Problem statement: Emit an exact copy of the lines running from the start of the records to the line containing "Donald Trump prorroga", both included.

Source records:
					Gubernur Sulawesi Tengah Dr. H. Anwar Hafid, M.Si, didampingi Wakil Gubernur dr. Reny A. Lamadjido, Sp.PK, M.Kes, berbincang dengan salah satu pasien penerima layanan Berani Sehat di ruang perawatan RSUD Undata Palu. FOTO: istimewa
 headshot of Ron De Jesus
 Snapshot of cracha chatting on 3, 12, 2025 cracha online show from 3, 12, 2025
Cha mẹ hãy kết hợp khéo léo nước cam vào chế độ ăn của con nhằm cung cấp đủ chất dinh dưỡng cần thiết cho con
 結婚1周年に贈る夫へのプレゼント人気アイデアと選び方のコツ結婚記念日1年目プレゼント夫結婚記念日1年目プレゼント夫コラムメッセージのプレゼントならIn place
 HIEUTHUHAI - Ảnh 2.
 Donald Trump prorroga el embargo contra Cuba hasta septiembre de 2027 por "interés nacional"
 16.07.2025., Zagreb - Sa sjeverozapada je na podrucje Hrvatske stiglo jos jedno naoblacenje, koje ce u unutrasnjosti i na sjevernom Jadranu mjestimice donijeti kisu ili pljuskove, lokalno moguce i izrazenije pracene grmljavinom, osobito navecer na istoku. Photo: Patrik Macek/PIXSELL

Reply:
					Gubernur Sulawesi Tengah Dr. H. Anwar Hafid, M.Si, didampingi Wakil Gubernur dr. Reny A. Lamadjido, Sp.PK, M.Kes, berbincang dengan salah satu pasien penerima layanan Berani Sehat di ruang perawatan RSUD Undata Palu. FOTO: istimewa
 headshot of Ron De Jesus
 Snapshot of cracha chatting on 3, 12, 2025 cracha online show from 3, 12, 2025
Cha mẹ hãy kết hợp khéo léo nước cam vào chế độ ăn của con nhằm cung cấp đủ chất dinh dưỡng cần thiết cho con
 結婚1周年に贈る夫へのプレゼント人気アイデアと選び方のコツ結婚記念日1年目プレゼント夫結婚記念日1年目プレゼント夫コラムメッセージのプレゼントならIn place
 HIEUTHUHAI - Ảnh 2.
 Donald Trump prorroga el embargo contra Cuba hasta septiembre de 2027 por "interés nacional"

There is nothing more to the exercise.